» **Your assignment**: The output must reproduce each line of the data word for word.

» **Information shown**:
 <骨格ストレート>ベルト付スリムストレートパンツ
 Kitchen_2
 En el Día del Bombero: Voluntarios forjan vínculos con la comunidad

» **Output of the exercise**:
 <骨格ストレート>ベルト付スリムストレートパンツ
 Kitchen_2
 En el Día del Bombero: Voluntarios forjan vínculos con la comunidad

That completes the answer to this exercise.